Kendi aralarında sadece Judeo-İspanyol dilinde konuşan büyükannemle büyük teyzelerimin sokakta Türkçe konuşmaları mahalle arkadaşlarım için kaçırılmaz bir eğlenceydi. I’ları i olarak telaffuz ederek mahallemizin manavından sıkılacak portakal istediğindeyse renkten renge girerdim. Nasıl olur da Türkiye’de doğmuş büyümüş, bu yaşlara gelmiş insanlar doğru dürüst Türkçe konuşamaz? Aklım havsalam bir türlü almazdı!
Geçtiğimiz günlerde genç bir Alman TV programcısı tarafından sorgulandım. Köklerimi, çocukluğumu, aile yaşantımızı merak ediyordu. Baba tarafımdan Aşkenaz, ana tarafımdan Sefarad Yahudi’si olduğumu öğrenince aile içinde konuşulan lisanı sordu. Ne yalan söyleyeyim, cevap verirken bocaladım bir an. Annemler Judeo-İspanyolca, babamlar ise Yiddiş konuşurdu. Ben her iki lisandan da bir şeyler kapmışım. Peki, kendi aralarında nasıl anlaşırlardı? Tereddütsüz, “Türkçe tabii” diyecektim ki durdum… Hayır, Türkçe konuşmazlardı. Aralarındaki ortak lisan ağırlıklı olarak Fransızca idi. Türkçeyi ancak mecburen, zorda kalınca konuşurlardı. Peki, ama neden? Anadillerinin dışında Fransızcayı, Almancayı, İtalyancayı, İspanyolcayı, hatta Rumcayı bile konuşabilen insanlar, nasıl olur da doğdukları, yaşadıkları toprakların lisanını bir türlü doğru dürüst konuşamazdı?

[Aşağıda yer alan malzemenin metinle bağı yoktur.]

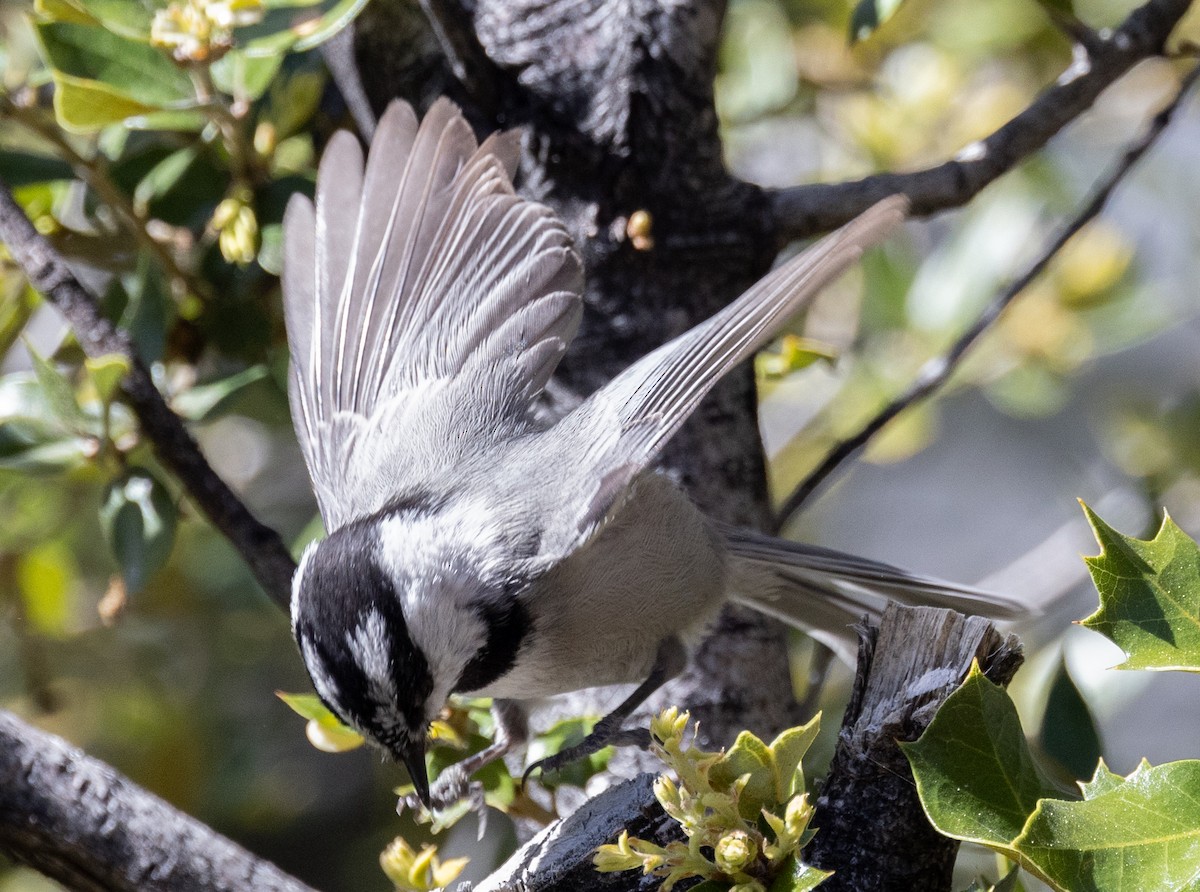 Mountain Chickadee - David Barton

Onları suçlamıyorum. Osmanlı İmparatorluğu’nun çok uluslu siyasal yapısı içinde, her millet kendi dilini kullanırdı doğal olarak. Türkçe konuşma zorunluluğu yoktu. Sarayla birlikte Osmanlı yönetici sınıfı bile Farsçadan, Arapçadan ve Fransızcadan ödünç aldığı pek çok sözcükle kendine has zengin bir lisan oluşturmuştu. Osmanlı’da yalın ve özgün Türkçeyi sadece köylülerle Anadolu göçebeleri yaşatıyordu. Saray ve çevresine göre ise, Türk sözcüğü bile kaba anlamına gelebiliyordu.*
Böylesi bir ortamda yaşayan büyüklerim, elbette ki aralarında Türkçe konuşmayacaklar, anadillerinin dışında, İstanbul’da ya da İzmir’de yaşayan diğer azınlıklarla iletişim kurmak, ‘daha Avrupai olmak’ için Batı dillerini konuşacaklardı. Ama gelin de bütün bunları Kemalist devrimin yoğun bir biçimde beyinlere çakıldığı genç Türkiye Cumhuriyeti’nin minik ilkokul öğrencisine anlatın! Düzgün Türkçe konuşamayanlardan hazzetmiyordum. Tam bir ‘kendinden nefret’ durumu! Annem hariç - çünkü o Türkçeyi iyi konuşurdu - ailemin diğer büyükleriyle ev ortamının dışında konuşmaktan kaçınıyordum. Benimle Fransızca konuştuklarında Türkçe karşılık veriyordum. Judeo-İspanyolca ile Yiddiş’i ise tamamen inkâr etmiştim, o ‘yapay’ dilleri tanımıyordum! Yiddiş yaygın değildi ama Judeo-İspanyolca çevremde çokça konuşulan bir dildi ve ben de pek çok akranım gibi bu dili konuşanları yadırgıyordum. Vatandaş Türkçe konuşsun istiyordum.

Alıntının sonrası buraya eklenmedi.